While I rested my dough, I got started on my toppings for which you’ll need:
4 strips bacon (But come on, why stop at 4?)
4 medium onions, chopped
a pinch salt
1/2 t dried thyme
A splash balsamic vinegar (optional)
1 cup ricotta
1 egg yolk
1/4 cup grated parmesan cheese
freshly ground black pepper to taste
1. Place bacon strips in a medium pan on medium-high heat. Get the bacon started in a cold pan. When the bacon strips are browned, drain on paper towels and leave to cool. In hindsight, don’t brown the bacon too much – it will brown some more in the oven later. And no, I didn’t stop at 4 strips. I cooked the entire pack. *evil grin*
2. Leave about a tablespoon of the rendered bacon fat in the pan and add in chopped onions. Onions caramelized in bacon fat, oooohhh yeeeaaahhh. I used a mix of white and red onions. Sprinkle with a pinch of salt, add in thyme and cook until very wilted and deep golden brown in color. When caramelizing onions, it’s essential that it’s only stirred once in a while so it gets a chance to brown.
It should look a little something like this when done. I like to deglaze the pan with some red wine or balsamic vinegar to finish but it’s not necessary.
3. While the onions were caramelizing, I prepared the ricotta filling by mixing it with egg yolk, parmesan and freshly ground black pepper. Ricotta isn’t the easiest thing to find. Rustan’s has a nice selection of cheeses in the dairy section, even a nice goat’s milk ricotta. There’s also Santi’s, of course.
And so with that, our prep is over and we can start assembling our tart.
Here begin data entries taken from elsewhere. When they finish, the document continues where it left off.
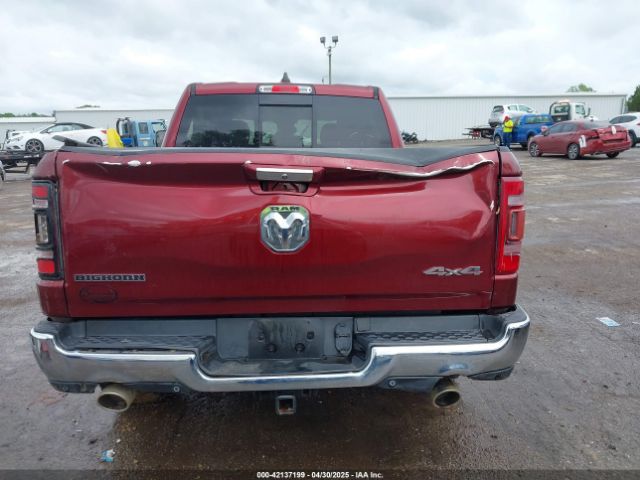 1C6SRFFT9KN574273 RAM 1500 Big Horn/lone Star  4x4 5'7 Box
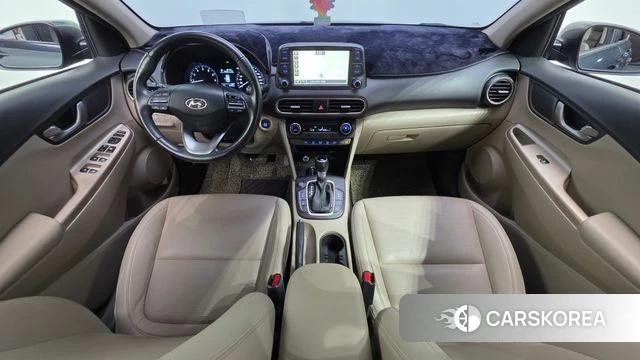 Hyundai Kona id 4596425 из Кореи 17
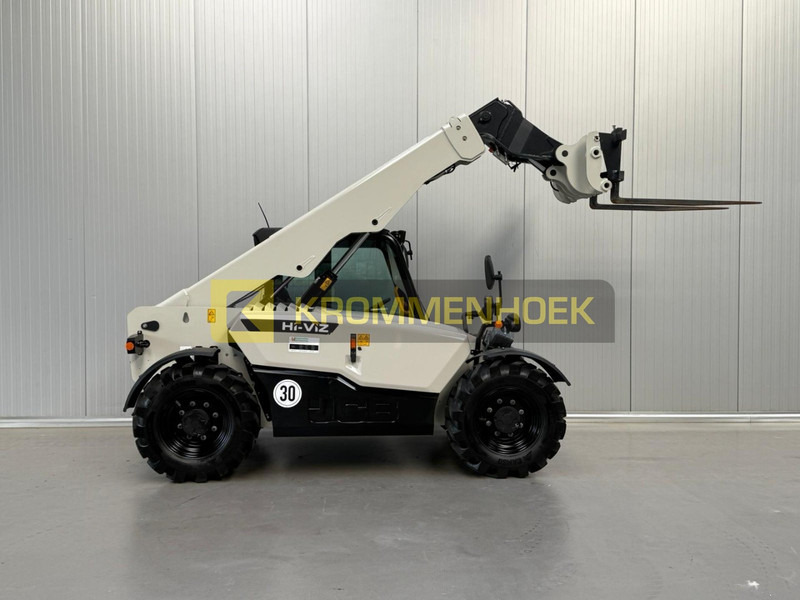 JCB 525-60 Demo - Empilhador telescópico: foto 5 JCB 525-60 Demo - Empilhador telescópico: foto 5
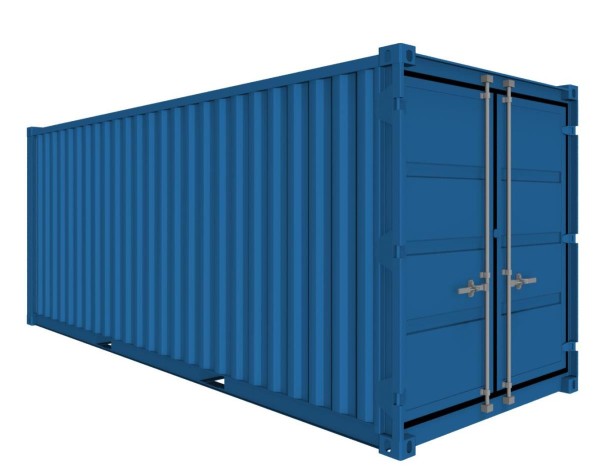 Lagercontainer Materialcontainer MCC 20 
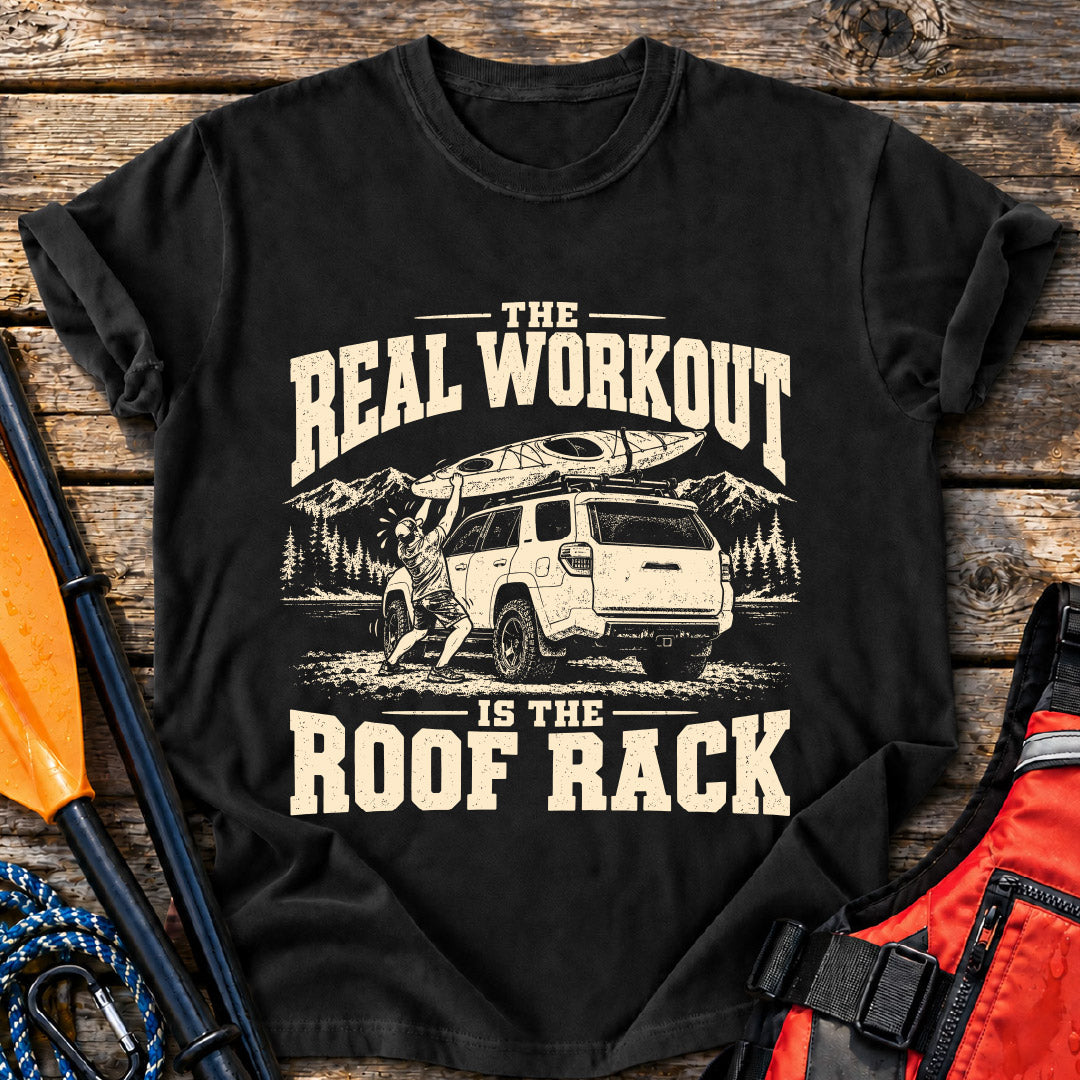 The Real Workout T-Shirt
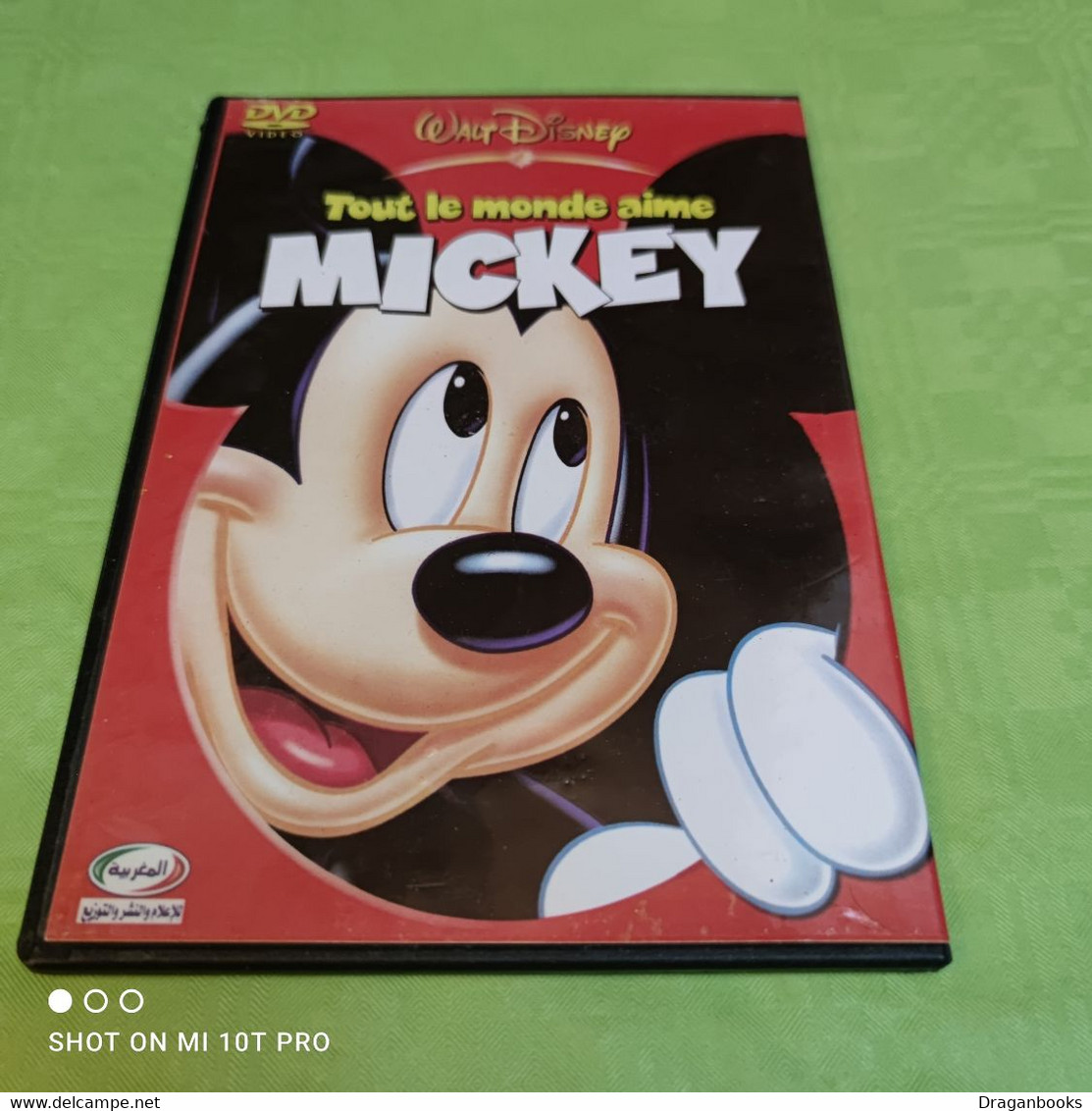 Tout Le Monde Aime Mickey - Familiari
Preheat the oven to 190 C/375 F. Retrieve the disc of dough that’s been resting in the fridge and roll out. It’s comforting not to be afraid of flour. Remember that excess flour can always be tapped off.
Once rolled out, I transferred it to my tart pan. I pressed down and around it and tore off the excess.
I poked the bottom with a fork and popped this in the oven to blind bake for about 10 minutes which, turns out, isn’t enough time. I should’ve just baked it all the way until it was golden brown.
I built my tart anyway with the ricotta filling, caramelized onions and crisped bacon.
Bake for 30-40 minutes and tada!
It’s impossible to go wrong with the Trifecta Of Deliciousness that is cheese, bacon and caramelized onions. Put it all in a homemade pie crust and you get savory tart gold. And then. The icing on the cake, the cherry on the sundae, the sprinkles on the donut… Truffle honey. I’m all about the truffle honey. If I hadn’t crisped the bacon too much and had blind baked the crust a little longer, this tart would have been damn near perfect.
On a side note, I had some leftover caramelized onions and I decided to throw it together with some oatmeal and a grating of cheese. I kid you not, it’s almost like risotto. It took all of 10 minutes. I’ll settle for almost-risotto.
Fun Food Fact: How about a bacon-inspired pick up line today?
“Hey, do you like bacon? Wanna strip?”